The payments, which workers will receive in September, are 88 percent more than the $121 million awarded in 2013, the Dallas-based carrier said Monday.
“We had a great year in 2013 because of their collective efforts and contributions toward Southwest’s success and profitability,” CEO Gary Kelly said.
Southwest is in tense contract negotiations with most of its unions. The carrier wants more flexibility in using part-time workers and is trying to negotiate performance bonuses instead of fixed pay increases.
“Those are the kind of things we’re trying to negotiate, where we can get the tools we need to keep our company successful, protect our low-fare brand and share the rewards with our employees,” Chief Operating Officer Mike Van de Ven told Bloomberg News recently. “We’re trying to give our employees a secure future with a lot of upside.”
Southwest noted in its profit-sharing statement that employees have received $2.5 billion over four decades in the program.
The airline is one of several with profit-sharing programs. Delta Air Lines employees received $506 million in profit-sharing in the fourth consecutive year the Atlanta-based carrier has rewarded its workers.
Fort Worth-based American Airlines paid $85 million in profit-sharing to its workers in March, the first time in over a decade for the carrier. However, most of the airline’s labor unions negotiated profit-sharing plans out of their new contracts in exchange for pay raises and other considerations.

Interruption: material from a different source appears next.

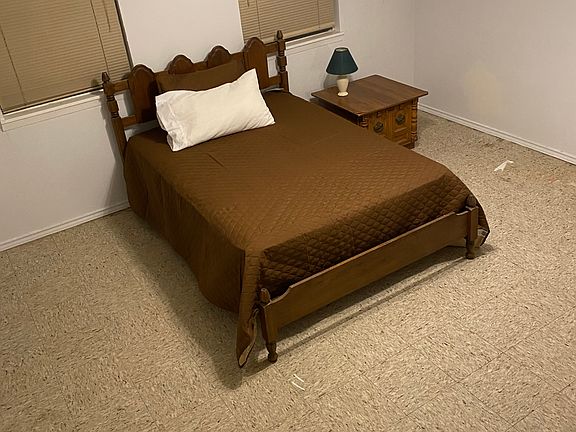 3rd image of 2009 Waltdina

Shares of Southwest (ticker: LUV) closed down 24 cents at $22.51 on Monday. Shares are up almost 20 percent since Jan. 1.
Southwest’s labor costs now lead the industry after bankruptcies allowed larger competitors to restructure contracts and trim compensation. More than 80 percent of the airline’s workers are represented by unions, and talks are underway with flight attendants, pilots, mechanics, ramp workers and others.
“We are making progress every time we meet, but some of these issues are just difficult,” Van de Ven said.
In February, leaders of 12 union groups protested to Kelly after a website created by Southwest posted negotiation updates and details of existing contracts, including salary and other contract data. Southwest responded by taking down the public side of the website.
“We’ve made adjustments to the content based on initial feedback from the unions,” Southwest spokesman Brandy King said at the time.
In January, a judge rejected a request from Transport Workers Union Local 555 to bar Southwest from requiring workers to provide proof of illness when they missed work. The airline asked for the documentation after sick calls among baggage handlers and other ramp workers left the company short-handed during a winter storm in January.